Çok fazla TV izleyen birisi değilim ve her yıl onlarca yeni dizi yapılıyor olsa da izlediğim çok az yapım vardır. Ancak öyle kötü bir huyum var ki eğer bir diziyi sevmişsem takıntı derecesinde severim. Bu takıntı derecesinde sevdiğim dizilerin ise tek bir ortak paydası var; o da ilk görüşte son derecede sıkıcı bulmam.
Evet yanlış okumadınız; en sevdiğim programlar sıralamasında rahat ilk üçte yer alan Battlestar Galactica, okulda final zamanı bir gece uyku tutmadığında sabaha karşı rastladığım 25 dakikalık bir bölümüne vurulana kadar benim için saçma bir bilim kurguydu. Seinfeld, bilmem kaçıncı tekrar sezonunda birden bana bir şeyler ifade etmeye başlayana kadar hiç de komik değildi ve Sherlock… Ah… Sherlock, soğuk bir İngiliz dizisiydi.
Hal böyle olunca, yayın platformumuzun izlemediğimiz dizi kanallarını hediye ettiği bir dönemde, FX’te Sons of Anarchy’yi keşfettim. Ancak karşılaşmayı pek çok göz devirme ve tabiri caizse “white trash” benzetmeleriyle karşıladım, ondan sonra SOA benim için It’s Always Sunny in Philadelphia çıkmış mı diye bakarken karşılaştığım tipik Amerikan klişesi orta yaşlı geçkin motosikletçi dizisi olarak kaldı.
Ta ki yaz ortasında Pacific Rim gösterime girene kadar.
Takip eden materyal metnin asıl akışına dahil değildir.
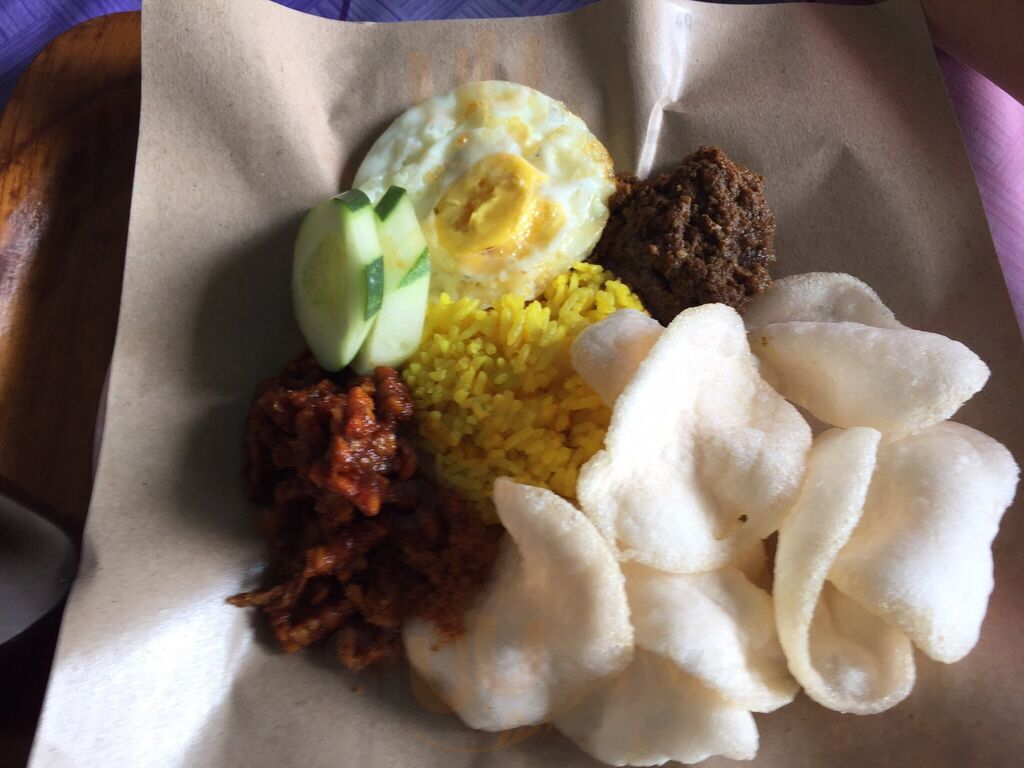 Nasi Kuning Bu Tuti
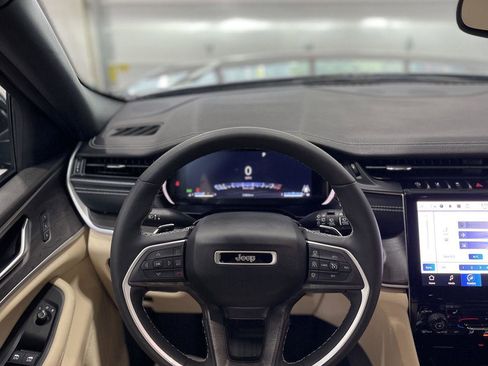 Used 2023 Jeep Grand Cherokee Limited w/ Black Appearance Package image 4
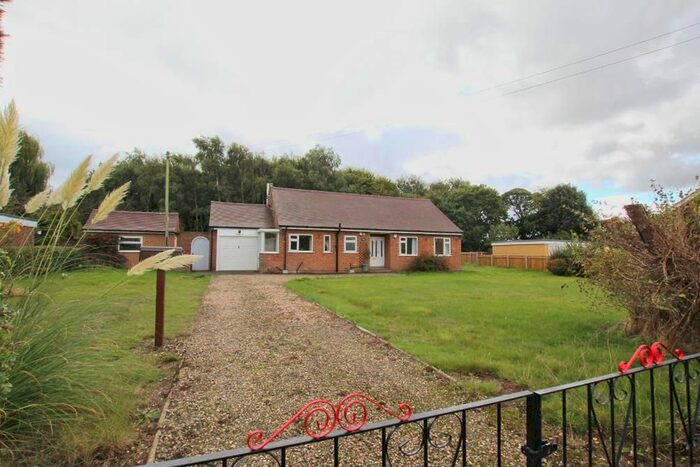 3 Bedroom Detached Bungalow For Sale In Main Street, Great Hatfield, Hull, HU11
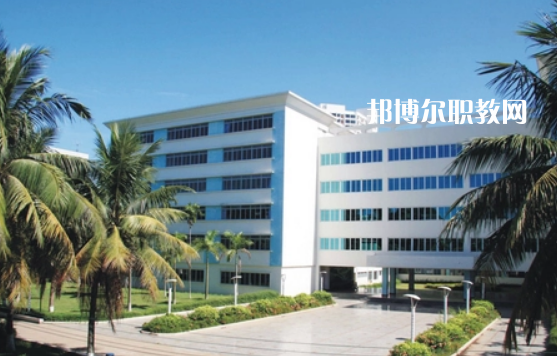 海南省衛(wèi)生學(xué)校2022年報(bào)名條件、招生要求、招生對(duì)象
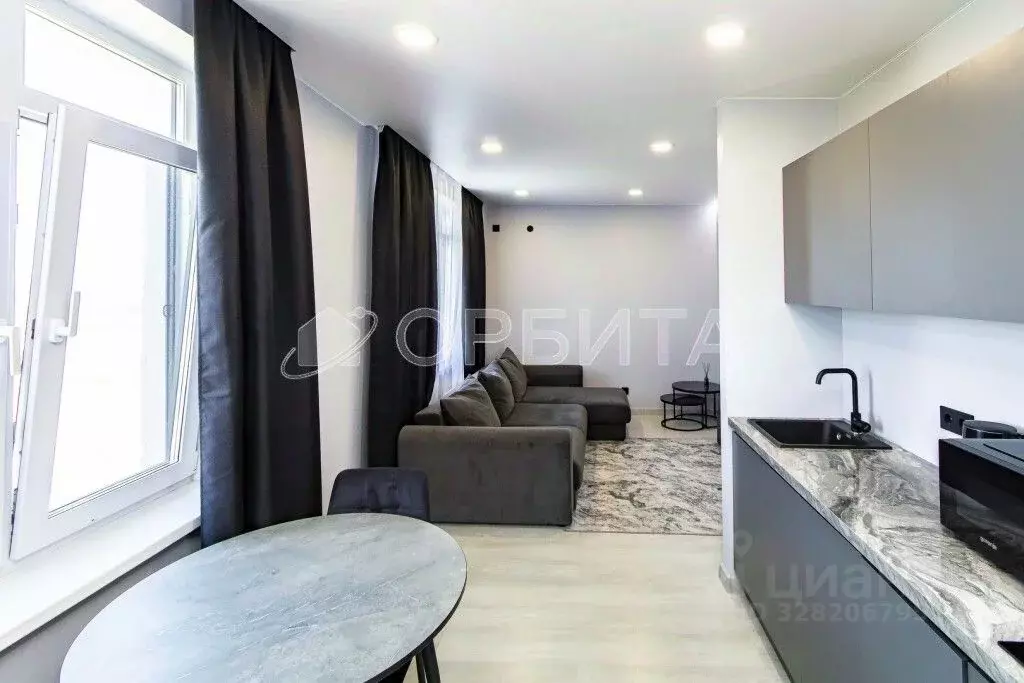 Студия Тюменская область, Тюмень Харьковская ул., 74 (46.7 м) - Фото 1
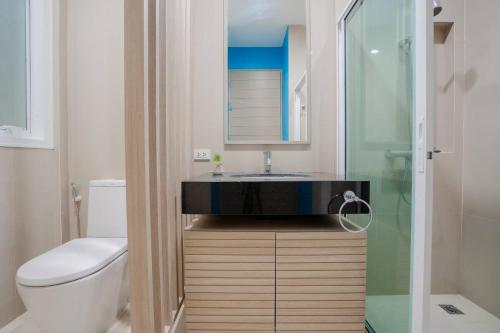 Bilik mandi di Near Beach Two Pool villa 2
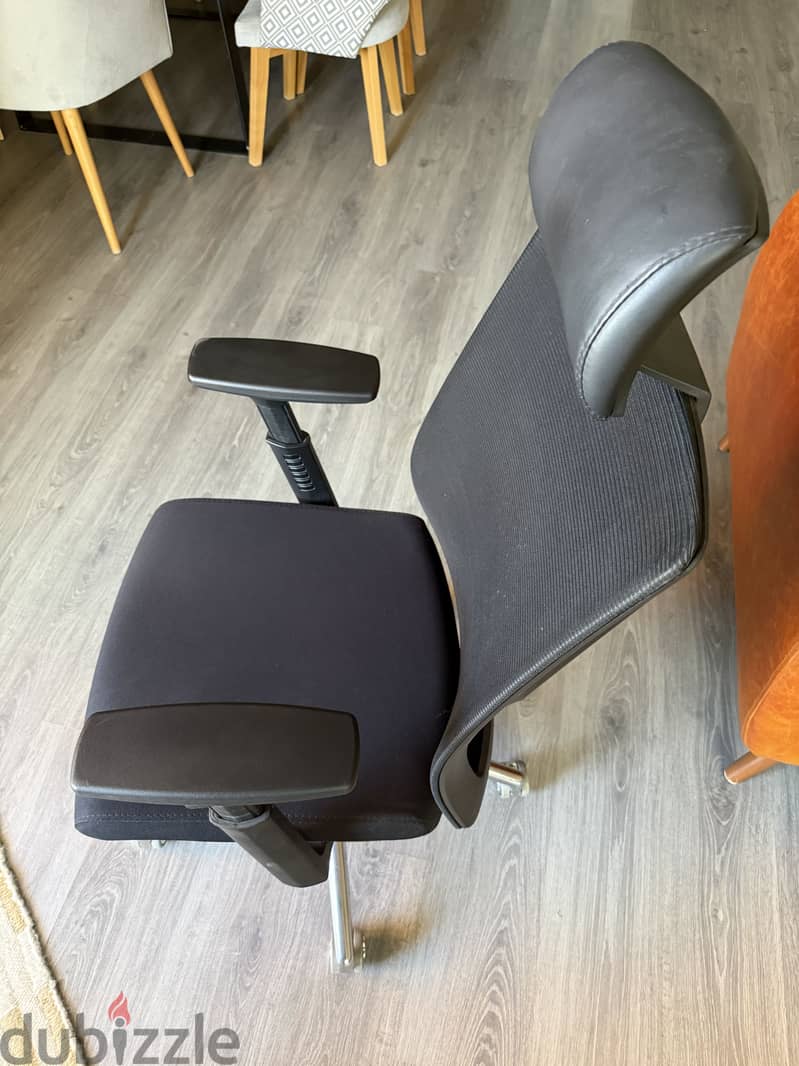 Office chair 1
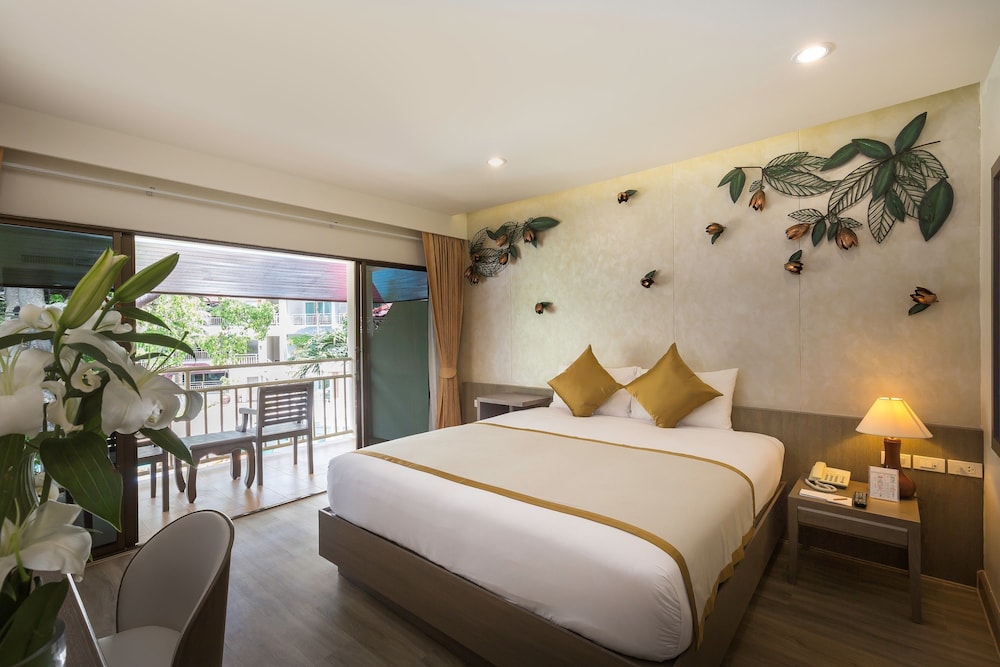 Chanalai Flora Resort, Kata Beach — Hotel rooms in Karon, Phuket Province
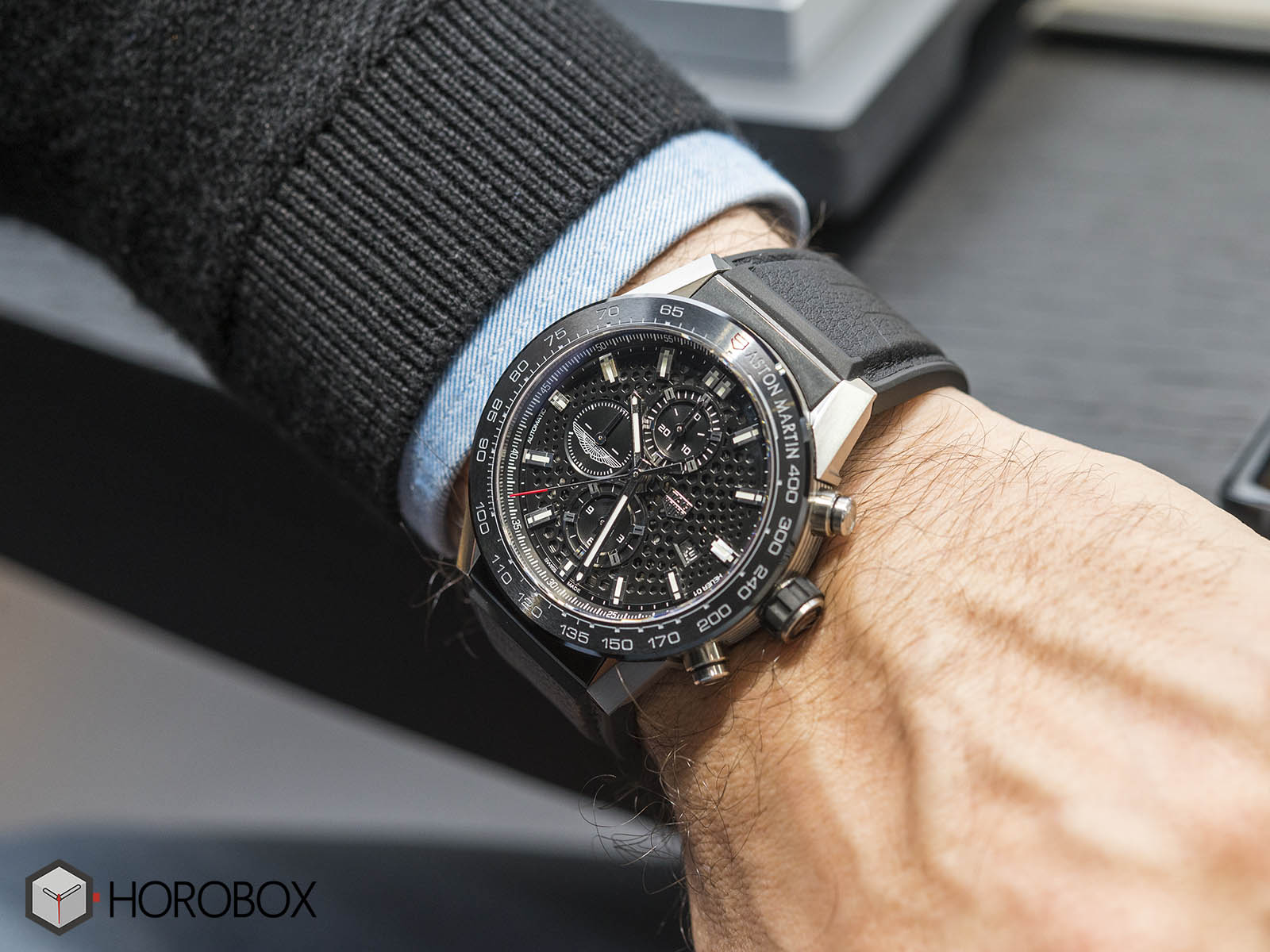 Tag heuer carrera deals x aston martin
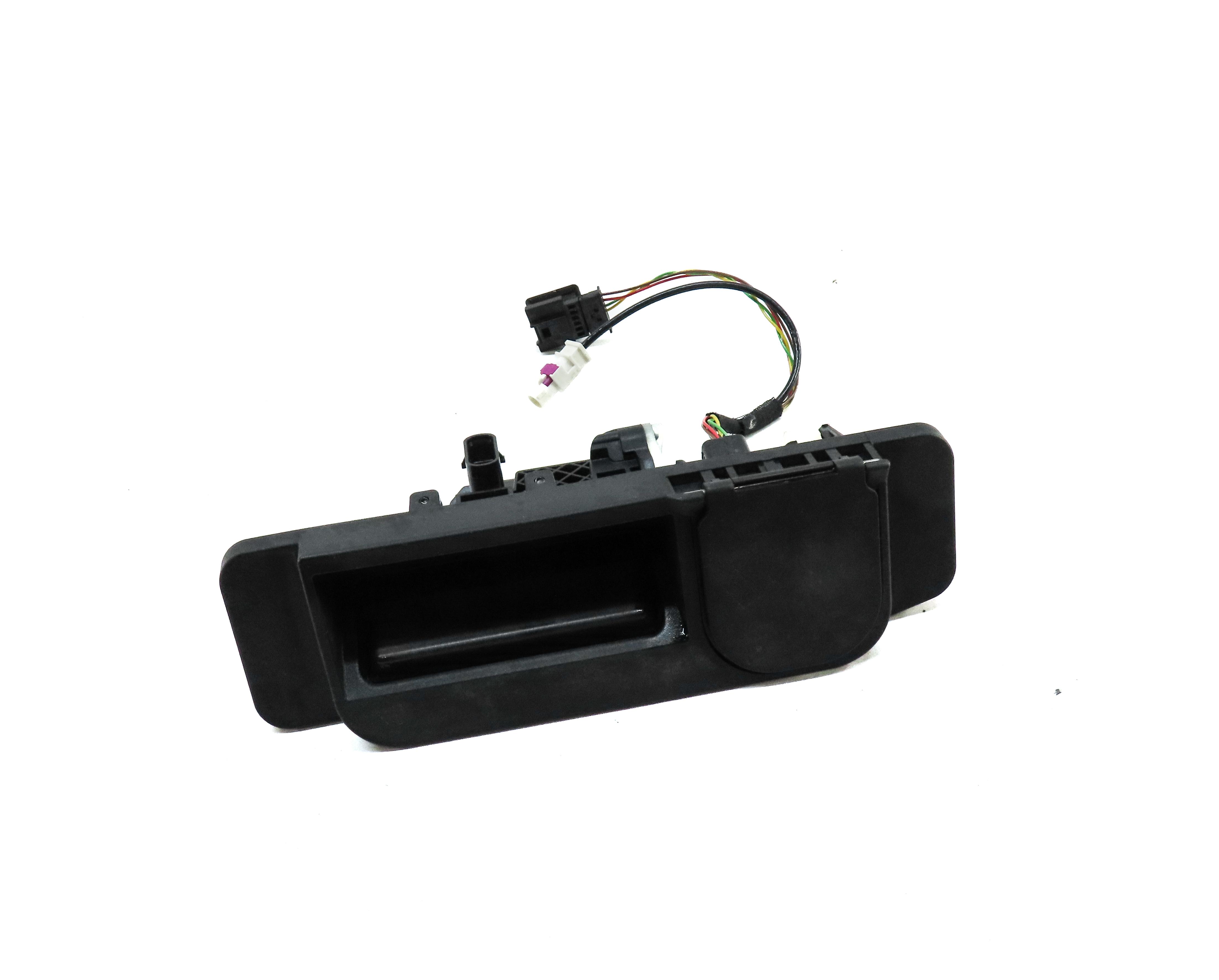 2014 MERCEDES CLA45 AMG (C117) HATCH TRUNK HANDLE w/ REARVIEW REAR VIEW CAMERA — exact item pictured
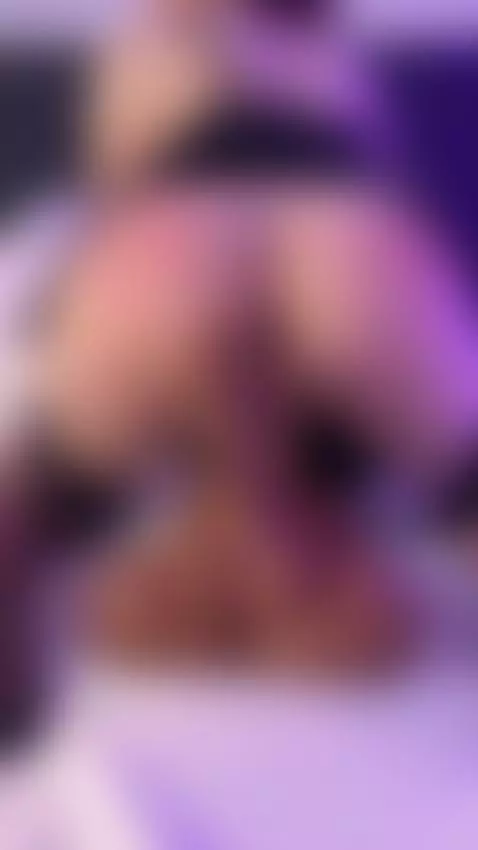 Latina cutie waiting for her generous king 👑 by dapnhesmith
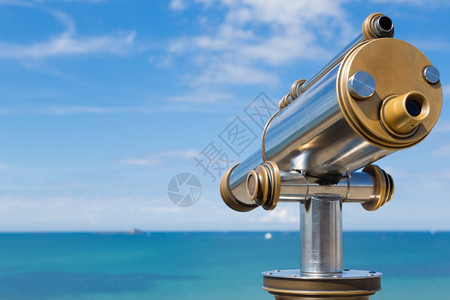 观光测沿海地貌的望天远镜小心夏图片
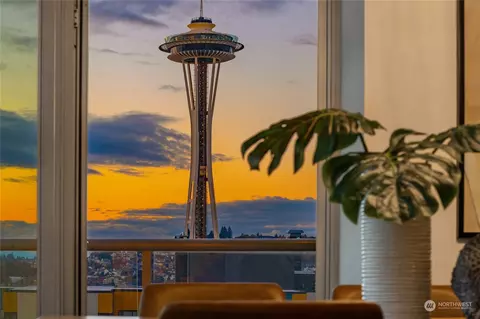 583 Battery St #1806N, Seattle, WA 98121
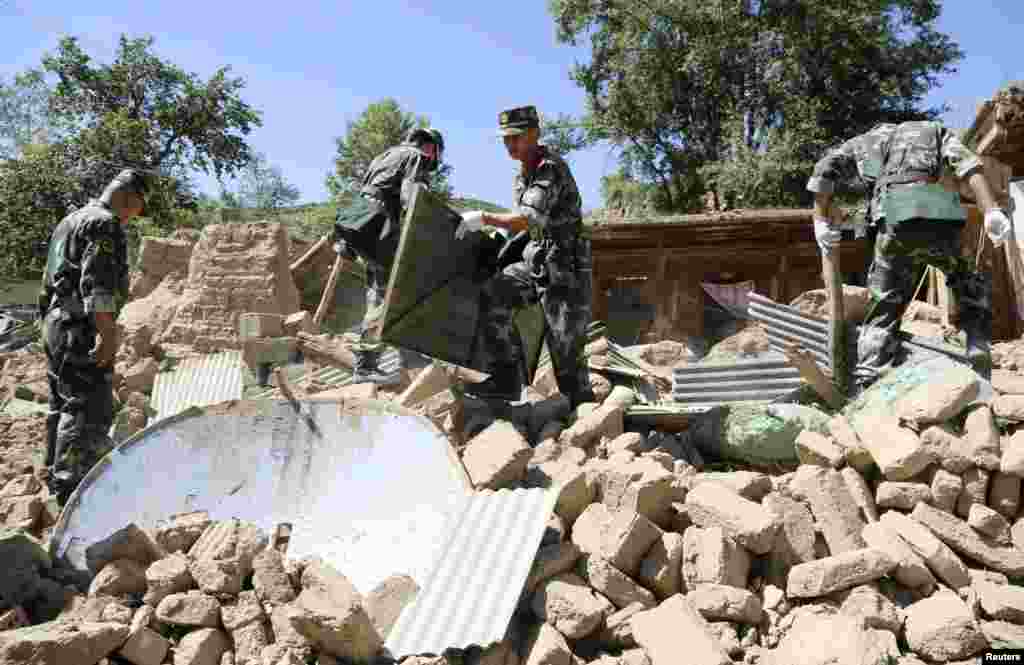 22일 지진이 발생한 중국 간쑤성 딩시 시에서 군인들이 생존자 수색 작업을 벌이고 있다.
Filmi Guillermo Del Toro’nun yaptığını görmemle soluğu salonda aldım. İtiraf edeyim iyi bir üç boyutlu filmi severim ve bu bile filme kanmam için yeterliydi yine de hikâyesini, oyunculuklarını ve klişelerini bile sevdim. Filmde Charlie Day (It’s Always Sunny in Philadelphia) ve Ron Perlman (Sons of Anarchy) gibi tanıdık isimler olması başka bir artısıydı ancak benim açımdan Charlie Hunnam’ı keşfettiğim film olarak hafızamda yer etti. Filmden sonra Charlie Hunnam’ı şöyle bir araştırdım ve çok sevdiğim Green Street Hooligans filmindeki unutulmaz tribün abisi (korkunç sahte aksanlı) Pete Dunham olduğunu öğrendim. “Artık yeter, uzatma, diziye bağla,” derseniz, Charlie Hunnam, ben bütün bunları keşfettiğimde Sons of Anarchy’nin ana karakteri olarak dizide beş sezon doldurmuş, altıncısını çekiyordu. Sonra boş bir anımda diziye modern Hamlet uyarlaması yorumunun yapıldığını gördüm ve diziyi birinci sezondan itibaren izlemeye başladım.
Birinci sezonun ilk bölümüne başladığım o günden bir buçuk ay sonra, çekilmiş tüm sezonları izlemiş, hafif akli dengemi bozmuş biçimde 10 Eylül’de altıncı sezonun başlamasını bekliyordum. Şimdi ise herkes gibi dizinin yedinci ve final sezonunun başlamasına kadar geçen süreyi sevgili yapımcı ve yaratıcı Kurt Sutter’a lanet etmekle geçiriyorum.